* _Brief_
Every line below from the one with "Pflanzenroller WagnerSystem Kiefer" through the one with "Escena de Tres cerdos y un bebé" should be retyped exactly, both ends included; no other lines and no pictures.

* _Material provided_
※

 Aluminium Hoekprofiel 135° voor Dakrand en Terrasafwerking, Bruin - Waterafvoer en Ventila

※

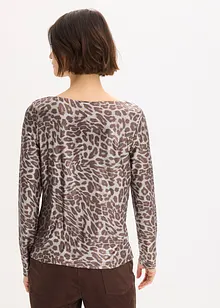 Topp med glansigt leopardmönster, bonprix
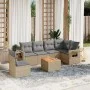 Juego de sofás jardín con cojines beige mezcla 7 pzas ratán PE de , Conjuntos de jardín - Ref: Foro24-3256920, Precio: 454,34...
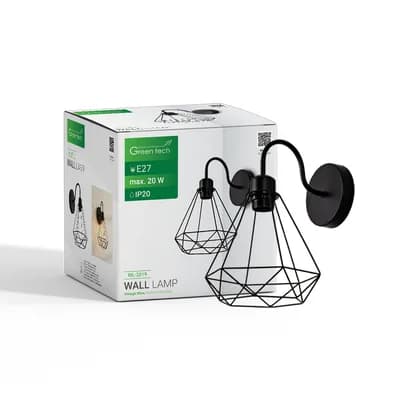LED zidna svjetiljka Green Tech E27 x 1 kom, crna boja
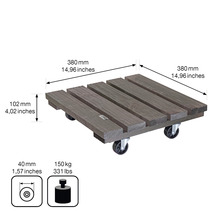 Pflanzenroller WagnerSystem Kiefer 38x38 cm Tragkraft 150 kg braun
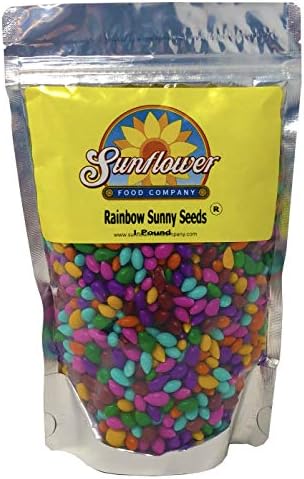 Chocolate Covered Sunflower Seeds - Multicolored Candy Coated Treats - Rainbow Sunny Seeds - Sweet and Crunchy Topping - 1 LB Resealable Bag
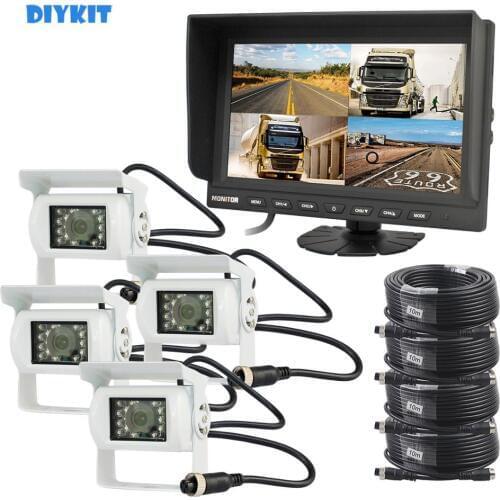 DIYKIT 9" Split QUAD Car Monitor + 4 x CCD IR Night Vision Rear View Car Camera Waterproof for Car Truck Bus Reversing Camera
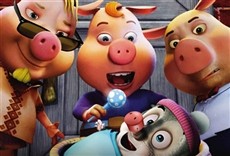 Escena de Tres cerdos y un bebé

※

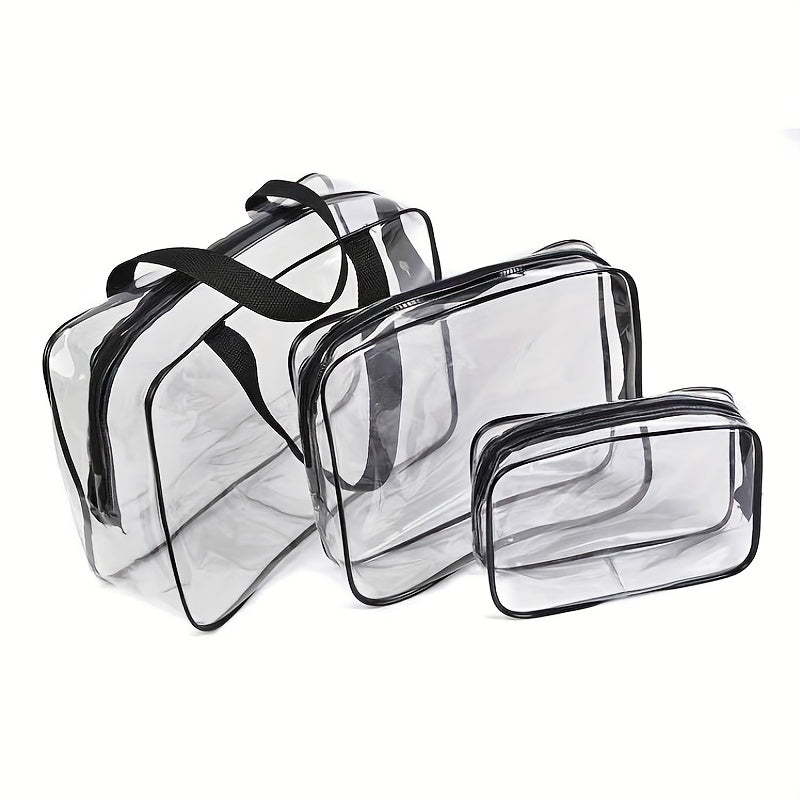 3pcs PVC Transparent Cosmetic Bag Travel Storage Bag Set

※

* _Written solution_
 Pflanzenroller WagnerSystem Kiefer 38x38 cm Tragkraft 150 kg braun
 Chocolate Covered Sunflower Seeds - Multicolored Candy Coated Treats - Rainbow Sunny Seeds - Sweet and Crunchy Topping - 1 LB Resealable Bag
 DIYKIT 9" Split QUAD Car Monitor + 4 x CCD IR Night Vision Rear View Car Camera Waterproof for Car Truck Bus Reversing Camera
 Escena de Tres cerdos y un bebé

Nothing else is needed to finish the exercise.